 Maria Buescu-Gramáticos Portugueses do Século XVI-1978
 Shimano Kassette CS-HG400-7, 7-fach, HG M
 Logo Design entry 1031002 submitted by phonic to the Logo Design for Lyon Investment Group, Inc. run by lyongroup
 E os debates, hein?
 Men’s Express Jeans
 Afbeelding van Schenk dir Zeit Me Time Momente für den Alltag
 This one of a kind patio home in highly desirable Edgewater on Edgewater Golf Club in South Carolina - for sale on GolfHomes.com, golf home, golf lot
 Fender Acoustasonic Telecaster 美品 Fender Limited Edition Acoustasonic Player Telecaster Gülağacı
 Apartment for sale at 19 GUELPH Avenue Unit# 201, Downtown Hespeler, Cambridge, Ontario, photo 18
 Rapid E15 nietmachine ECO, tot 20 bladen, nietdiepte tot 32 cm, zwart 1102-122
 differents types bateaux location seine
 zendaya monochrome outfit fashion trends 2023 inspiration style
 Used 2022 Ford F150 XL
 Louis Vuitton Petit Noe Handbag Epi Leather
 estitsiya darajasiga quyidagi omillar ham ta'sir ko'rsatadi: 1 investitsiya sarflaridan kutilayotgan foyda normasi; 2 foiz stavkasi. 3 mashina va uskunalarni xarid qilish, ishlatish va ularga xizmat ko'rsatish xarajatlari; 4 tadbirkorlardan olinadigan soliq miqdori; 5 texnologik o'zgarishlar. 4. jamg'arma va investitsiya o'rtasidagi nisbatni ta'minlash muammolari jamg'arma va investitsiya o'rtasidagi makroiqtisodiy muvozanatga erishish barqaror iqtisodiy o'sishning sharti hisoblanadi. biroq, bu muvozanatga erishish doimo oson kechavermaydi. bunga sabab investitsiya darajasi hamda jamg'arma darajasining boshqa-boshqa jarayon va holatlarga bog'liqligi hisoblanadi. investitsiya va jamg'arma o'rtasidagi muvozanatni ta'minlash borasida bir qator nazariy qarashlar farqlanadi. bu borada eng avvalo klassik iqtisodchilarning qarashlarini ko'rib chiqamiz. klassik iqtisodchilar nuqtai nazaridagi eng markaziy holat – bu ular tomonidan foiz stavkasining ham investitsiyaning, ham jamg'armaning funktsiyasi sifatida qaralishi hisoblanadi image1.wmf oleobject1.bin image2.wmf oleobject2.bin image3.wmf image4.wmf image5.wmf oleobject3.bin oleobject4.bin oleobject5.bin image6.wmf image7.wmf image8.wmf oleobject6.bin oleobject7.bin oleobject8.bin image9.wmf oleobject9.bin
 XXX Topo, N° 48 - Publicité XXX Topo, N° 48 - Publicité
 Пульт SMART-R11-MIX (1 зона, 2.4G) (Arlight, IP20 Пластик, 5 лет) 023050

----------

■ **REQUIRED ACTION**: Everything in the listing must be reproduced exactly; please include every line.

■ **SOLUTION FOR THIS PROBLEM**:
 Maria Buescu-Gramáticos Portugueses do Século XVI-1978
 Shimano Kassette CS-HG400-7, 7-fach, HG M
 Logo Design entry 1031002 submitted by phonic to the Logo Design for Lyon Investment Group, Inc. run by lyongroup
 E os debates, hein?
 Men’s Express Jeans
 Afbeelding van Schenk dir Zeit Me Time Momente für den Alltag
 This one of a kind patio home in highly desirable Edgewater on Edgewater Golf Club in South Carolina - for sale on GolfHomes.com, golf home, golf lot
 Fender Acoustasonic Telecaster 美品 Fender Limited Edition Acoustasonic Player Telecaster Gülağacı
 Apartment for sale at 19 GUELPH Avenue Unit# 201, Downtown Hespeler, Cambridge, Ontario, photo 18
 Rapid E15 nietmachine ECO, tot 20 bladen, nietdiepte tot 32 cm, zwart 1102-122
 differents types bateaux location seine
 zendaya monochrome outfit fashion trends 2023 inspiration style
 Used 2022 Ford F150 XL
 Louis Vuitton Petit Noe Handbag Epi Leather
 estitsiya darajasiga quyidagi omillar ham ta'sir ko'rsatadi: 1 investitsiya sarflaridan kutilayotgan foyda normasi; 2 foiz stavkasi. 3 mashina va uskunalarni xarid qilish, ishlatish va ularga xizmat ko'rsatish xarajatlari; 4 tadbirkorlardan olinadigan soliq miqdori; 5 texnologik o'zgarishlar. 4. jamg'arma va investitsiya o'rtasidagi nisbatni ta'minlash muammolari jamg'arma va investitsiya o'rtasidagi makroiqtisodiy muvozanatga erishish barqaror iqtisodiy o'sishning sharti hisoblanadi. biroq, bu muvozanatga erishish doimo oson kechavermaydi. bunga sabab investitsiya darajasi hamda jamg'arma darajasining boshqa-boshqa jarayon va holatlarga bog'liqligi hisoblanadi. investitsiya va jamg'arma o'rtasidagi muvozanatni ta'minlash borasida bir qator nazariy qarashlar farqlanadi. bu borada eng avvalo klassik iqtisodchilarning qarashlarini ko'rib chiqamiz. klassik iqtisodchilar nuqtai nazaridagi eng markaziy holat – bu ular tomonidan foiz stavkasining ham investitsiyaning, ham jamg'armaning funktsiyasi sifatida qaralishi hisoblanadi image1.wmf oleobject1.bin image2.wmf oleobject2.bin image3.wmf image4.wmf image5.wmf oleobject3.bin oleobject4.bin oleobject5.bin image6.wmf image7.wmf image8.wmf oleobject6.bin oleobject7.bin oleobject8.bin image9.wmf oleobject9.bin
 XXX Topo, N° 48 - Publicité XXX Topo, N° 48 - Publicité
 Пульт SMART-R11-MIX (1 зона, 2.4G) (Arlight, IP20 Пластик, 5 лет) 023050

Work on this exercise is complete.